To many of my friends and family, my husband Doug is known as Mr. Happy.
He has a degree from University of Pennsylvania in Applied Positive Psychology.
He has fun finding new ways to apply the principles of positive psychology in his consulting work and even in our family.
Since it’s November, the month we celebrate gratitude, it’s the perfect time to share an experience I had with a positive psychology “intervention” called The Gratitude Letter.
Basically, you choose someone who has made a positive difference in your life and you write him or her a letter explaining a specific thing they did that made a difference and how it affected you. Then, you visit that person, read them the letter, and give them the letter before you leave.
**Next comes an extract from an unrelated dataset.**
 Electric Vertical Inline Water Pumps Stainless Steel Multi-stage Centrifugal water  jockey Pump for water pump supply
I chose to write my letter to my brother, Kelly, who had been diagnosed with stage IV lung cancer and given only weeks to live.
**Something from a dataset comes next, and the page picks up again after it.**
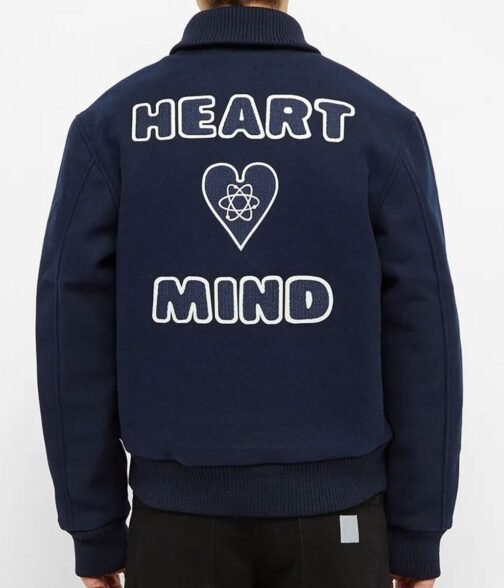 BBC Astro Heart Mind Varsity Jacket - Image 7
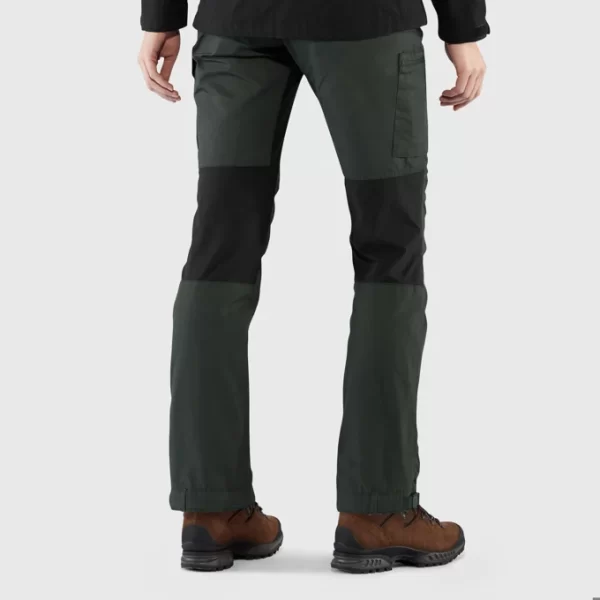 FJALLRAVEN Kaipak trousers curved w black - Afbeelding 4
I confess it was a little awkward. I explained the rules of the game and made him sit quietly and listen to me while I read the letter aloud to him.
Let’s just say sitting quietly and listening wasn’t his greatest strength in life… but he did it. He gave me a few minutes of his complete, undivided attention.
In the letter, I wrote about our mutual dislike for each other as teenagers. My mother said that during those years, “the tension was so thick, you could cut it with a knife.”
I remember that tension well. So did he.
After high school graduation, he went off for a job in Wyoming and I went off to college.
One day, I went to the mailbox in my college dorm and found a letter from him.
I stared at the envelope for the longest time trying to imagine what he would write in a letter to me.
I took it to my room, opened it carefully with equal doses of curiosity and wariness.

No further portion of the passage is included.